仏坐像(ぶつざぞう)
アフガニスタンのハッダ遺跡群から出土したと考えられる、ストゥッコ *1(漆喰(しっくい)の一種)製の仏像です。坐像 *2は大衣(だいえ)*3 を通肩(つうけん)*4 にまとい、台座上に結跏趺坐(けっかふざ) *5した姿を表現しています。半眼(はんがん)に開いて下方を見つめ、静かに瞑想(めいそう)している様子が伝わってきます。頭髪がやや大ぶりの螺髪(らほつ) *6で表されている点、背中側の衣(ころも)も省略されずに表現されている点も大きな特徴です。
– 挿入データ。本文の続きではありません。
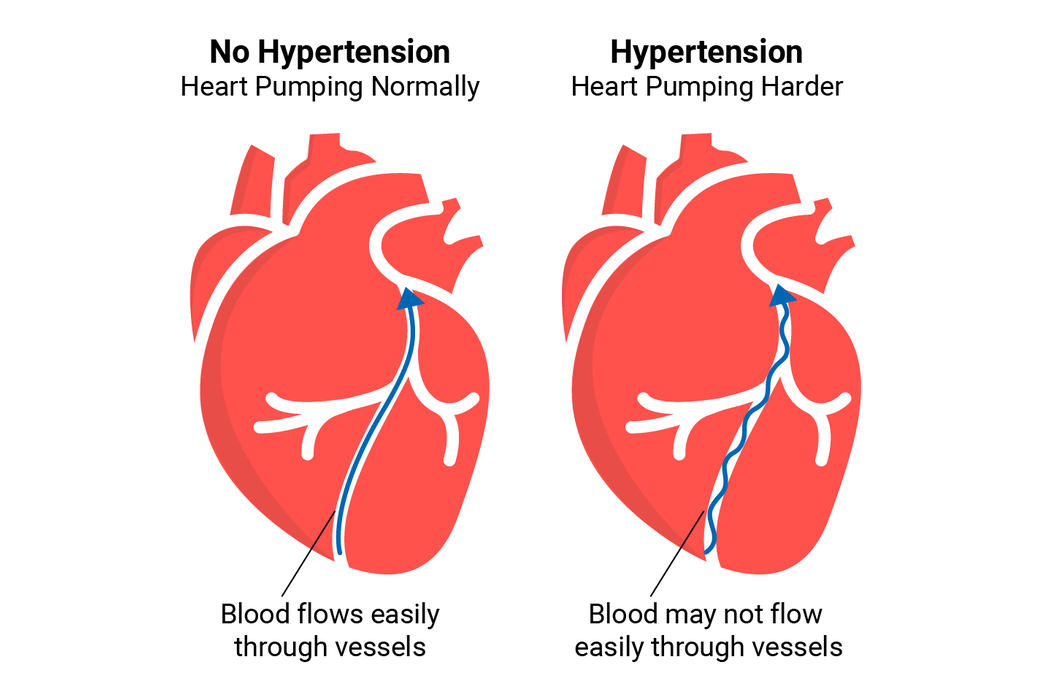 High Blood Pressure Guidelines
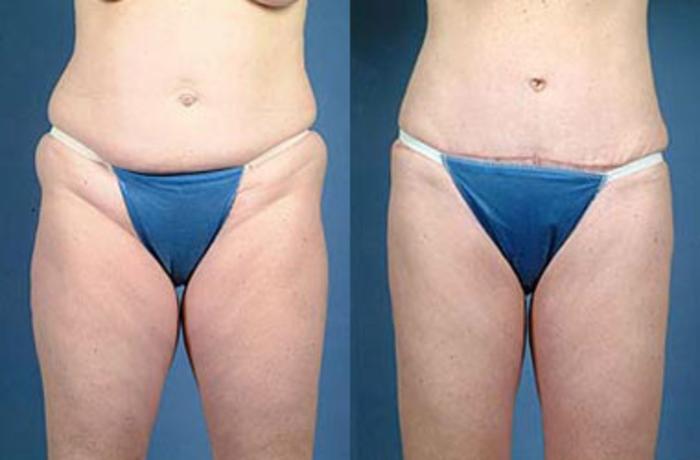 Tummy Tuck Case 148 Before & After View #1 | Louisville, KY | CaloSpa® Rejuvenation Center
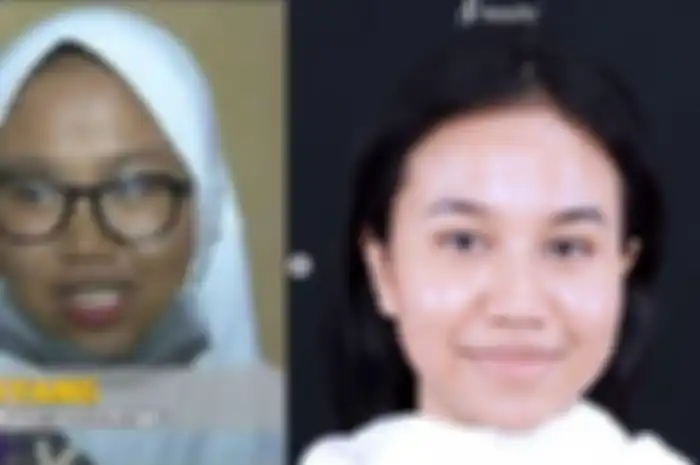 Wajah Mayang selama menjalani perawatan
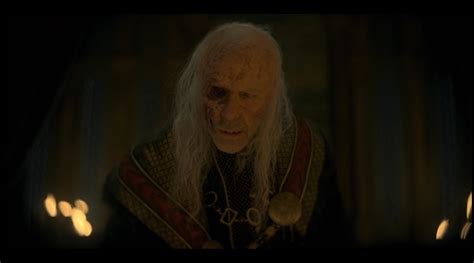 Viserys Face Illness Disease Leprosy House Dragon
*1 左官材料。消石灰に大理石粉、粘土粉、砂、顔料などを混入して練ったもので、細工をするときは軟らかく、硬化すると耐久性をもつ。セメント・モルタルもその一種。
*2 座っている姿の像。
*3 九条ないし二十五条よりなる袈裟のこと。僧が着る3種の袈裟の一つ。
*4 僧の袈裟の着方で、両肩を覆って着ること。
*5 両脚を組んですわる方法。両脚を組み、左右の足の甲を反対側のももの上にのせてあぐらをかくこと。
*6 仏の頭髪の縮れて巻き毛になっているもの。